Marty and Gayle enjoyed watching their children compete in the swimming meets all over the Midwest while living in Ames and in Columbus, occasionally taking the opportunity to visit and spend time with family in Spirit Lake, Iowa and Osawatomie, Kansas or taking the occasional family vacation to camp and enjoy the beauty of what nature offered in the mountains or to spend time at the ocean.

Eventually his first marriage ended and in 1985 he married Laurel Siefert Doran, a high school teacher in Pataskala, Ohio who had a daughter Annie.

They had a rich and fascinating marriage, mostly centered around the Christmas tree farm Marty started in 1982, which he had long dreamed about. Through the years, many families have come to the Dale Tree farm to choose and cut down their own Christmas tree. Though Marty cannotphysically be with us this year, the Christmas tree farm will be open with Marty’s spirit guiding his children and wife and helpers while continuing to make his dream come true.

Marty is survived by his wife; two of his children, Denise McLain (husband Bill McLain) and Dave Dale; by his stepdaughter Annie Adler; his Grandchildren Tasha Dale, Rachel Adler, Brian Dale and Brandi Dale; two brothers Jim Dale and Lewis Dale.
Marty has marked the world with his beautiful spirit; always expressing dignity, hope, kindness and tolerance for all.
An informal memorial service celebrating Martin’s life will be held at the tree farm later this summer.

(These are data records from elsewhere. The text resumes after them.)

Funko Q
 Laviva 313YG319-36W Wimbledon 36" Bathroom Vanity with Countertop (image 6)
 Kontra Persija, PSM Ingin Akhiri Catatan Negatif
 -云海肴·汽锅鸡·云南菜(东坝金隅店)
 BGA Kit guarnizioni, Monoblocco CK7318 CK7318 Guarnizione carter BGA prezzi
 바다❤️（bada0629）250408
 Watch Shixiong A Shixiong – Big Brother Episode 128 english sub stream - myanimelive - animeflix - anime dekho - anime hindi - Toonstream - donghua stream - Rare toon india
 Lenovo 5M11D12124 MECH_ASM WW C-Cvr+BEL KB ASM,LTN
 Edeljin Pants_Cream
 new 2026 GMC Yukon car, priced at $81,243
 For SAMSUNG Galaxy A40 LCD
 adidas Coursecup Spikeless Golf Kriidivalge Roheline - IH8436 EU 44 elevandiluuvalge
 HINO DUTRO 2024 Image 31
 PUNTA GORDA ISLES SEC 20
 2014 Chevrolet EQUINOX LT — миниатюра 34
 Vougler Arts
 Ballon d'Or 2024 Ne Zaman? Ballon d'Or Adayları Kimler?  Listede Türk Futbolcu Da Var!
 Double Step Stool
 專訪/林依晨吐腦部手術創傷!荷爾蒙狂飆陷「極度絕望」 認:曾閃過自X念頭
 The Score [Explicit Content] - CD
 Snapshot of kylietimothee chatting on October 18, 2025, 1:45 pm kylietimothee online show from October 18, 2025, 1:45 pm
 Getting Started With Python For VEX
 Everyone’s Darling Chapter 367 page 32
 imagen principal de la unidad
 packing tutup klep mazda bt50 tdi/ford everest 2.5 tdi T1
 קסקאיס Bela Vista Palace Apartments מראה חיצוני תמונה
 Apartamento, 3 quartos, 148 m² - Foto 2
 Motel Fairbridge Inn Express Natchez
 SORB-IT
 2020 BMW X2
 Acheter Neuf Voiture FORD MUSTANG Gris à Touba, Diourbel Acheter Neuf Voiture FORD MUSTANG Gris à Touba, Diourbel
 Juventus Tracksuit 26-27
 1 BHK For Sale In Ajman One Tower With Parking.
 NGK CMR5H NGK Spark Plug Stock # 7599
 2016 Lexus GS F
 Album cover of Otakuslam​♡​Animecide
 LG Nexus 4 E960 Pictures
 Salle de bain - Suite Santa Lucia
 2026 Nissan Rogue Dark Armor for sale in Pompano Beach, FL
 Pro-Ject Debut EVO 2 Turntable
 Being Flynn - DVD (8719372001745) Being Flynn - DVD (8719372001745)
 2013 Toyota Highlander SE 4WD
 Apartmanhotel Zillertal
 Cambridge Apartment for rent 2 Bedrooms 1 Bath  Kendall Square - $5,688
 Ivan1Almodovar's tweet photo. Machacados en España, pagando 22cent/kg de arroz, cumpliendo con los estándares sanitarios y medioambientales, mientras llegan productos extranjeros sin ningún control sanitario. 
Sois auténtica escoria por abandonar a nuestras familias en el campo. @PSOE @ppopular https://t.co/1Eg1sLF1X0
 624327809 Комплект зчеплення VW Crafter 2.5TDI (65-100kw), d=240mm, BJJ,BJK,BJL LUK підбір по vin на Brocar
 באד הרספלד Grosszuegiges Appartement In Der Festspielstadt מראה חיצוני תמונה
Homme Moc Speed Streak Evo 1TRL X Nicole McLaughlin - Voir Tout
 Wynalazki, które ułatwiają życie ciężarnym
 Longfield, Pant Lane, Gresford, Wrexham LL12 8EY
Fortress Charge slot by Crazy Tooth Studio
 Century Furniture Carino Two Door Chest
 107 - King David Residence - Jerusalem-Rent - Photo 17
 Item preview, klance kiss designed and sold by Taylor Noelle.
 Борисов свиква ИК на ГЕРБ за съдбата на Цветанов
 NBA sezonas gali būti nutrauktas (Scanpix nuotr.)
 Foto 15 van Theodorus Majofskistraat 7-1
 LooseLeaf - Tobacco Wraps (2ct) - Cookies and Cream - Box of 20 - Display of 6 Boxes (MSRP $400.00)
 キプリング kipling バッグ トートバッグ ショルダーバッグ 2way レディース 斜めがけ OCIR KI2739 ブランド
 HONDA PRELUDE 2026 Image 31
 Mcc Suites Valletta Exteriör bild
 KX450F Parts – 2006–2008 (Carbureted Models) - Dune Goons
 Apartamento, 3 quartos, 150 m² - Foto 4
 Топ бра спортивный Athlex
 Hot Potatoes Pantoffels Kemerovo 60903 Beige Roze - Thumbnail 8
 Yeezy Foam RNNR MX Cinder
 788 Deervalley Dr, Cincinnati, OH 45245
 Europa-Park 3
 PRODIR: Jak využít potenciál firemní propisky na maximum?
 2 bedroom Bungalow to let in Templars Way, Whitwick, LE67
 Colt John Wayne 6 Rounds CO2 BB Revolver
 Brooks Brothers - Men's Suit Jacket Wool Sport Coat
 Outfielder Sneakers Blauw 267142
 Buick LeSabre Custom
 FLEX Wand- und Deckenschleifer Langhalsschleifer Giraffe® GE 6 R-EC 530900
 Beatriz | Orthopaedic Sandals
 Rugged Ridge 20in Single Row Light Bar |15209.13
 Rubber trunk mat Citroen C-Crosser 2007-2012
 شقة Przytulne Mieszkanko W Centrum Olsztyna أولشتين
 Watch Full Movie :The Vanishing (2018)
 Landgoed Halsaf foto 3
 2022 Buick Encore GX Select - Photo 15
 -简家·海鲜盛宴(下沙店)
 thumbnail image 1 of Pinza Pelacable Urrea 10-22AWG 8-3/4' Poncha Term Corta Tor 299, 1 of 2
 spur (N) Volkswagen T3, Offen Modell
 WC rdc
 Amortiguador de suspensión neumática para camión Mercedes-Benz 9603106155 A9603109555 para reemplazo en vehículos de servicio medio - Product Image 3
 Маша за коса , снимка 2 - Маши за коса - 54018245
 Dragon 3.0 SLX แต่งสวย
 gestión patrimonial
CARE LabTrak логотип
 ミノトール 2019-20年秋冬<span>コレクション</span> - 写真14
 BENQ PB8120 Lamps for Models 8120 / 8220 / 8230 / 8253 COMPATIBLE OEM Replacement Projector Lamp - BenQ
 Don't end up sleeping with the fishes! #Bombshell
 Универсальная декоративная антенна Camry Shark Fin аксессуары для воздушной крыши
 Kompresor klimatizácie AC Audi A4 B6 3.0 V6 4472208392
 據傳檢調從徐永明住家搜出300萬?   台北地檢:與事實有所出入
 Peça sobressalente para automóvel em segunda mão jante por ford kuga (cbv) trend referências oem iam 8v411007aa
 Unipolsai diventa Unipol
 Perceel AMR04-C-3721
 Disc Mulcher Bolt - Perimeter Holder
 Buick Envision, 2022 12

In lieu of flowers memorial contribution’s may be directed towards Delaware County Humane Society 4920 OH-37, Delaware, Ohio 43015

To share a fond memory or to leave a message of condolence please visit www.snyderfuneralhomes.com

The Snyder-Rodman Funeral Center in Delaware is handling arrangements.

  • He was a mentor and a great friend. I wish I knew half as much about forestry as he did. I will miss him greatly.

  • So sorry Laurel…….In this tough time in your life, may my friendship, sympathy, and heartfelt condolences bring you comfort. I am here for you Laurel, as are many of our mutual friends. Contact me if you want to talk. Love you, Linda

  • Marty was a tremendous mentor to me as I joined the FS shortly before he retired. My first publication as a FS was co-authored with Marty, and this work had a tremendous influence on subsequent work at the lab even to this day. He also taught me about growing Christmas trees which I have dabbled in since that time. He was always so friendly and giving. He truly will be greatly missed!

  • I met Marty shortly after I joined the Forest Service. He was kind, funny, experienced, insightful, and generous with this time and knowledge. We worked on a few projects together over the following decades, and it was a joy to interact with him professionally and personally. His research also leaves a legacy of knowledge about hardwood forest management. I still use his research publications, as do my colleagues. So sorry to hear of his passing; so happy to have known him.

  • Marty is the reason I was able to be where I am in life now. He had always been a great grandfather – but in 2012 when I spent many a days a week for months having him help me understand my college math courses – he became a true friend. Since then whenever we would get together we would talk for hours, whether it be about politics, philosophy, nature, or really anything at all. He had a unique sense of humor that I greatly enjoyed. He always believed in me, encouraged me, and his outlook on life inspired me in ways that he may not have even known.

  • I first became aware of Martin when I was a senior at Iowa State. Tom Burk and I drew upon Martin’s research for our senior project. So it was a privilege to come to work with him in 1990. What a gentle man with tremendous knowledge of the forest and it complexities. After he retired, we enjoyed seeing him each Christmas to pick out our tree.

    May God grant peace and comfort to family and friends.